It's been a bad sales year for the auto industry, with domestic automakers hit particularly hard. Now, even the most successful foreign brands are bracing for a hit. The Wall Street Journal reports, "Toyota isn't having an easy time in the U.S. either. The Japanese car maker may cut its 2008 sales targets in response to the toll that high gasoline prices are taking on demand in the U.S., its most important market."
The AP explains, "Toyota may scale back its ambitious target of selling more vehicles in the United States this year than it did in 2007, as damage from an economic slowdown and soaring oil prices becomes more fully known."
The news is particularly significant because many Asian automakers had, until now, been somewhat insulated from the forces hurting sales of domestic automobiles. Bloomberg notes that "Toyota's U.S. sales through May dropped 3.5 percent. In contrast, GM's sales plunged 15.8 percent, dragged down by a 22 percent decline in truck sales. Ford's sales dropped 11 percent in the period."

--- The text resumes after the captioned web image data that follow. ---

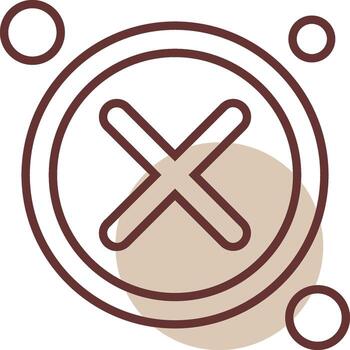 cerca botón navegación línea circulo icono vector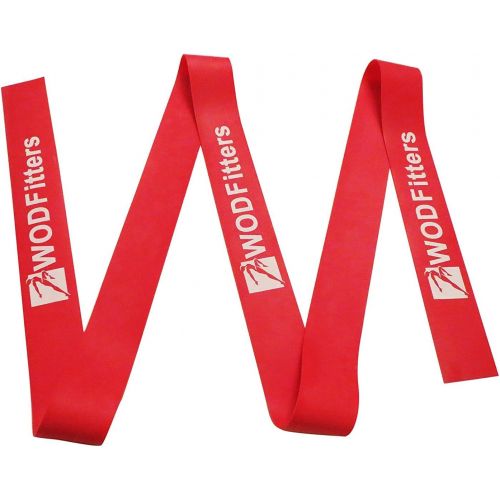  [아마존 핫딜]  [아마존핫딜]WODFitters Floss Bands for Muscle Compression Tack & Flossing, Mobility & Recovery WODs - Latest Technology - Choose from 2 or Extra Wide 4 - 2 Pack with Carrying Bag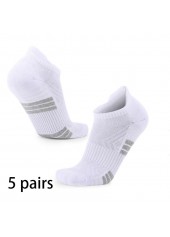 White Striped Sports Socks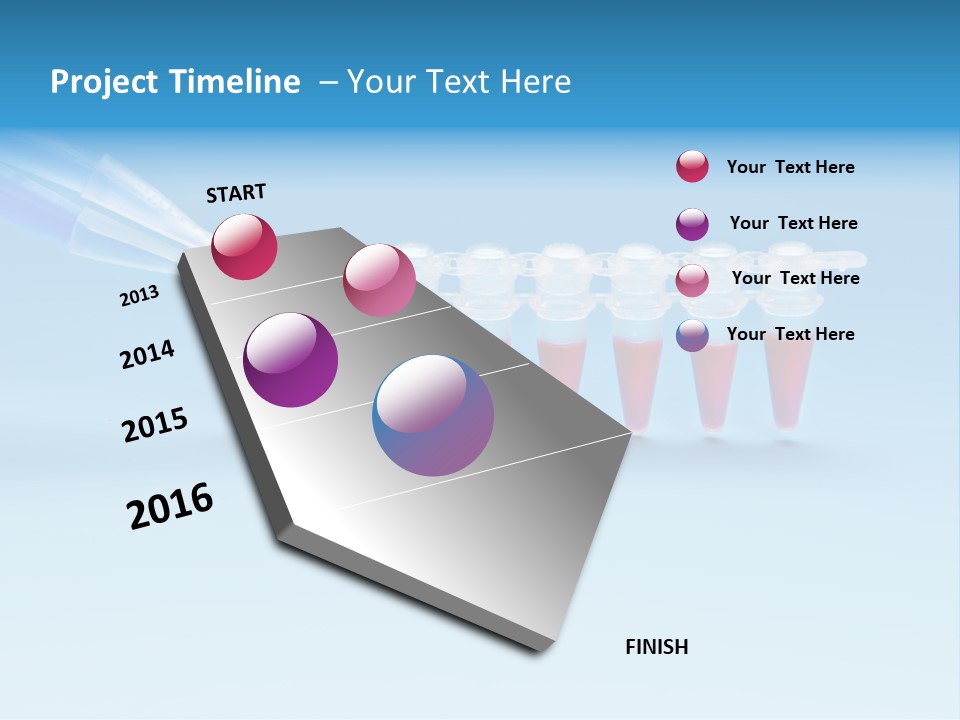 Pcr Stripe Cover Dna Amplification PowerPoint Template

Toyota is now the world's largest automaker, and a sales decline at GM this year has made that dominance more pronounced than ever before. U.S. News & World Report's Rick Newman has written that Toyota's 2007 profit was "about $15 billion, more than GM's entire market capitalization of about $10 billion."
When the world's largest automaker could buy the second largest with less than one year's profits, it seems reasonable to think they've mastered selling automobiles in any market. It's hard to imagine a worse sign for the automotive industry than to see that company start lowering its expectations.